'Negligent' Stapling of Filing Cited By Judge in Tort Action
CORRECTED: A “negligent” stapling job on a court filing that twice drew blood from a court clerk drew the attention of a New York judge, who took time to note the sloppy stapling in a ruling denying a motion for default judgment in an auto accident case.
“The poor stapling of the papers was so negligent as to inflict, and did inflict repeatedly, physical injury to the court personnel handling them,” says Supreme Court Judge Charles Markey in a written opinion that explains his ruling in Jones v. Fuentes. “Such negligence on the part of counsel shows a lack of consideration.”
Though he cited the stapling in his ruling, Markey denied a motion because the notice of motion wasn’t signed by counsel and the motion lacked a plaintiff’s affidavit detailing injuries.
The stapling caution was reported by the New York Law Journal in an article reprinted in New York Lawyer (reg. req.).
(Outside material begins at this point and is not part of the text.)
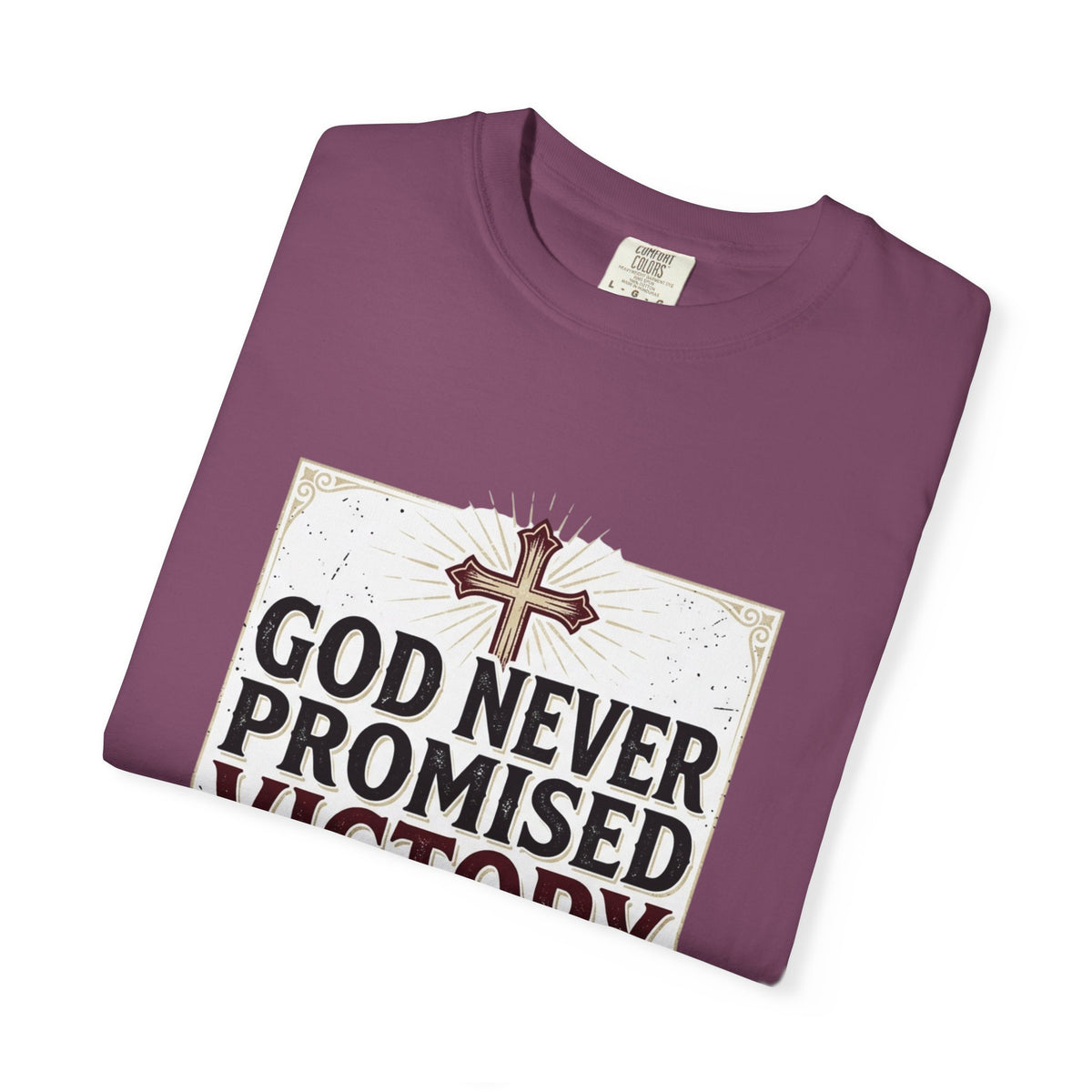 Christian Victory T-Shirt — "God Never Promised Victory Without a Fight" Inspirational Tee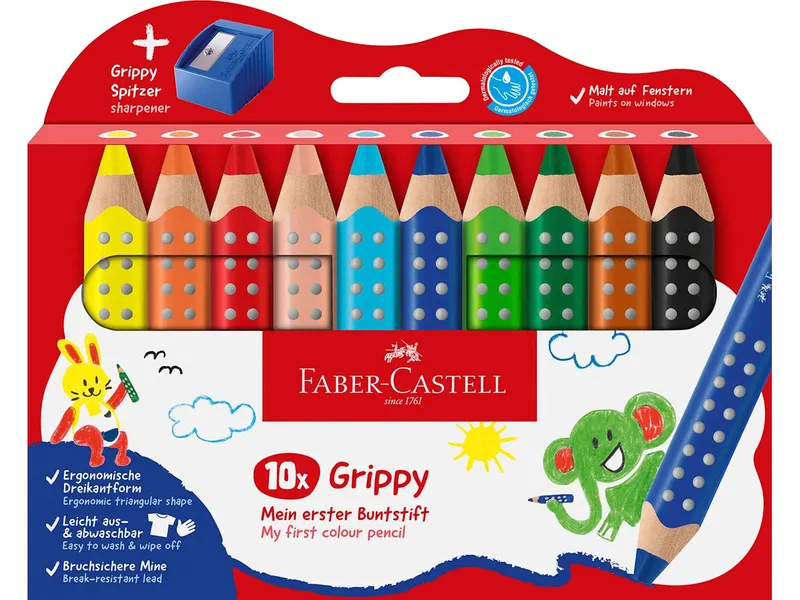 Faber-Castell Faber-Castell 10er-Set Buntstifte "Grippy" mit Spitzer – Produktbild 2 von 2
The Long Island lawyer responsible for the filing, Jeffrey Hirsch, said it was an isolated occurrence; some 5,000 other filings have not been cited for any stapling deficiency, he tells the legal publication.
Post corrected on Oct. 3 after the Journal was made aware that the New York Law Journal had corrected its original article. See Jonathan Turley’s “Decoupling the Staple Story” for more details, a letter from Judge Markey and the NY Law Journal’s correction.